[Stored items from a collection]
+--
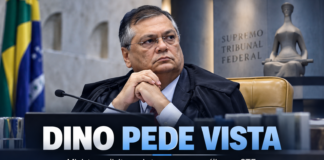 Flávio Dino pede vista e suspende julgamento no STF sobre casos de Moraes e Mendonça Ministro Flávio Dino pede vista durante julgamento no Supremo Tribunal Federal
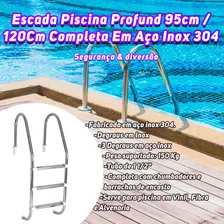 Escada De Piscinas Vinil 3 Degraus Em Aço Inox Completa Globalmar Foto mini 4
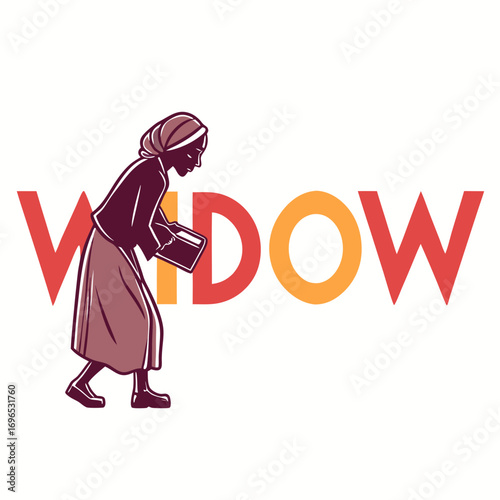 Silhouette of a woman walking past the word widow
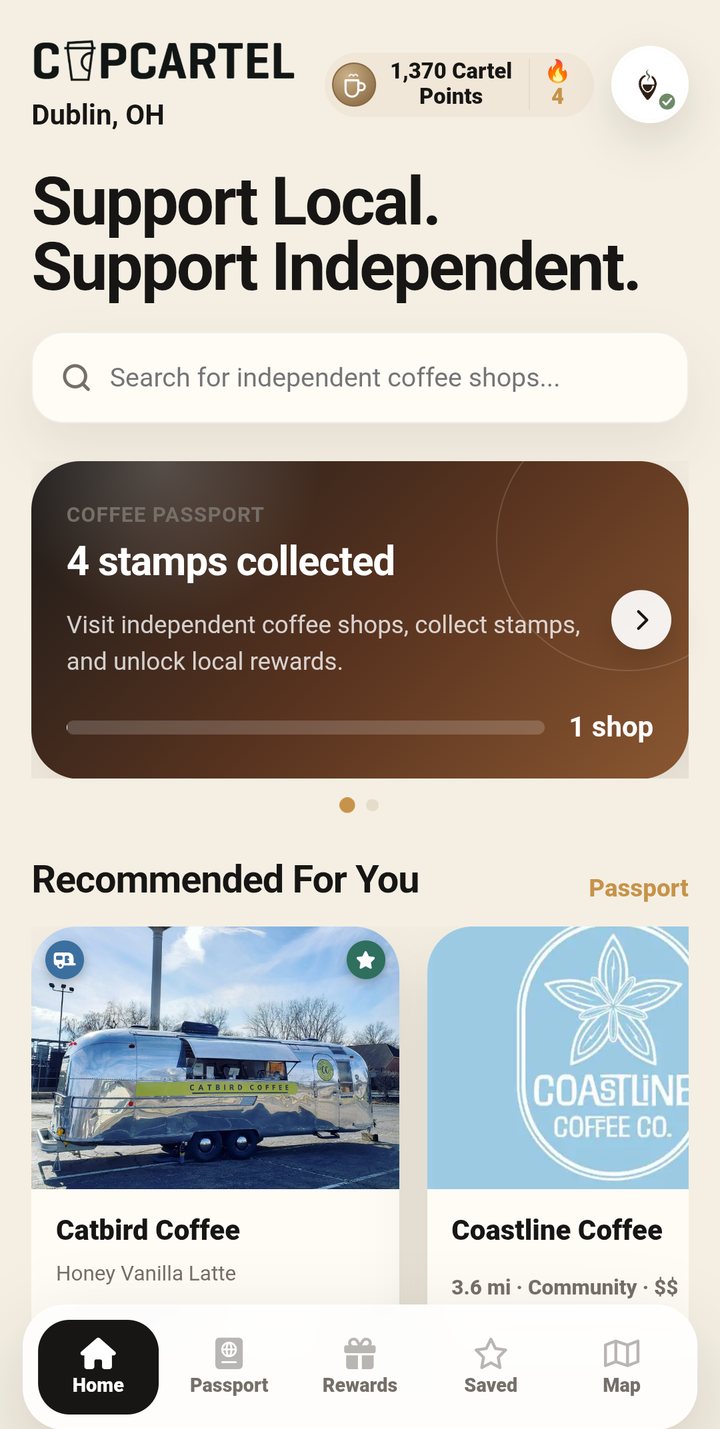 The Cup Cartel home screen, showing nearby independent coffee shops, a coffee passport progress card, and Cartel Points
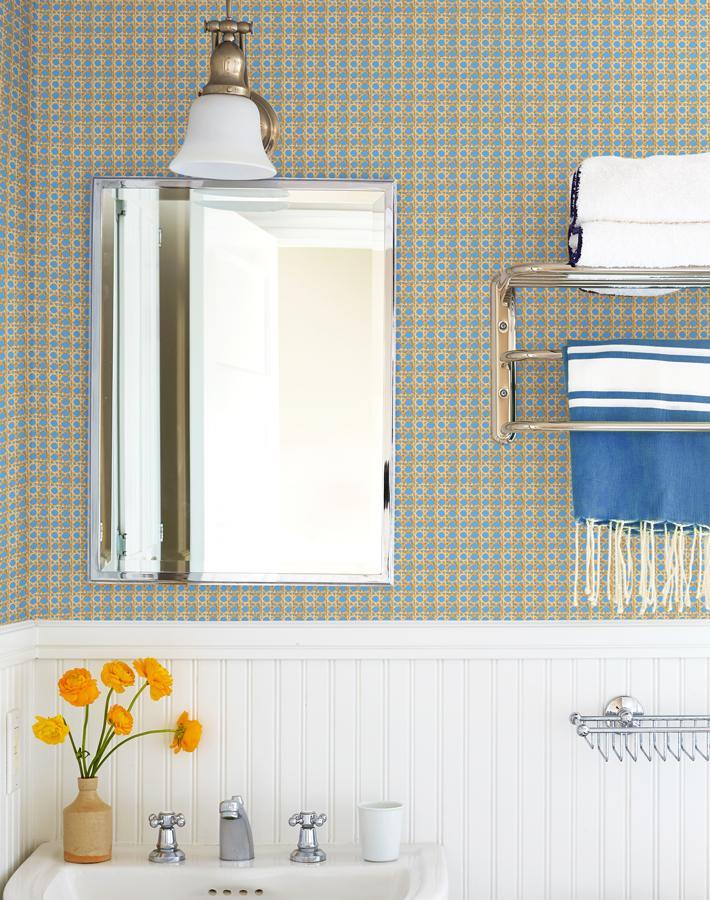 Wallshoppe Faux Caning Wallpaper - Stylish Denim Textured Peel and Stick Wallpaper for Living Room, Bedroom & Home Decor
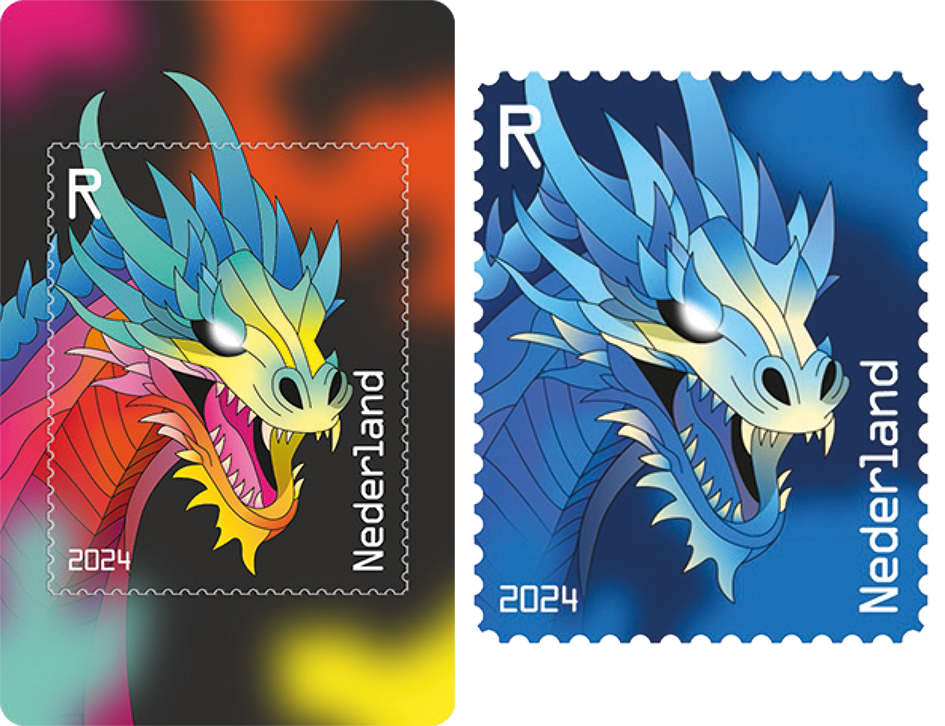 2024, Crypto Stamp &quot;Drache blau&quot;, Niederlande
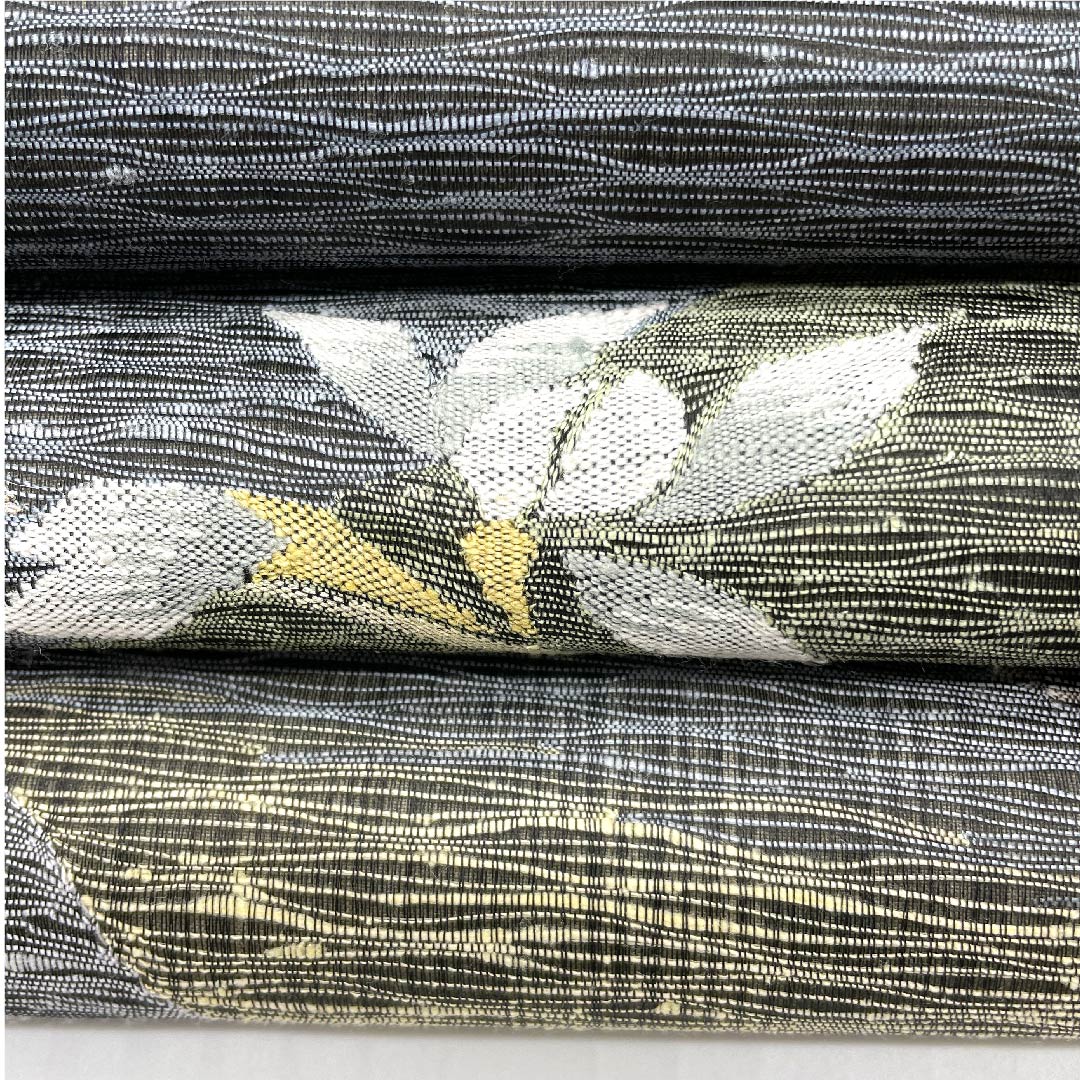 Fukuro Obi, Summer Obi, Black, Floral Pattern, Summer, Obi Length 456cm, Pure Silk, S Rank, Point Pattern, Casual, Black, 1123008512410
+--
● Instructions to follow
Starting at the first line of the records and stopping after the line with "The Cup Cartel", copy each line exactly; pictures stay out.

● Output for this task
 Flávio Dino pede vista e suspende julgamento no STF sobre casos de Moraes e Mendonça Ministro Flávio Dino pede vista durante julgamento no Supremo Tribunal Federal
 Escada De Piscinas Vinil 3 Degraus Em Aço Inox Completa Globalmar Foto mini 4
 Silhouette of a woman walking past the word widow
 The Cup Cartel home screen, showing nearby independent coffee shops, a coffee passport progress card, and Cartel Points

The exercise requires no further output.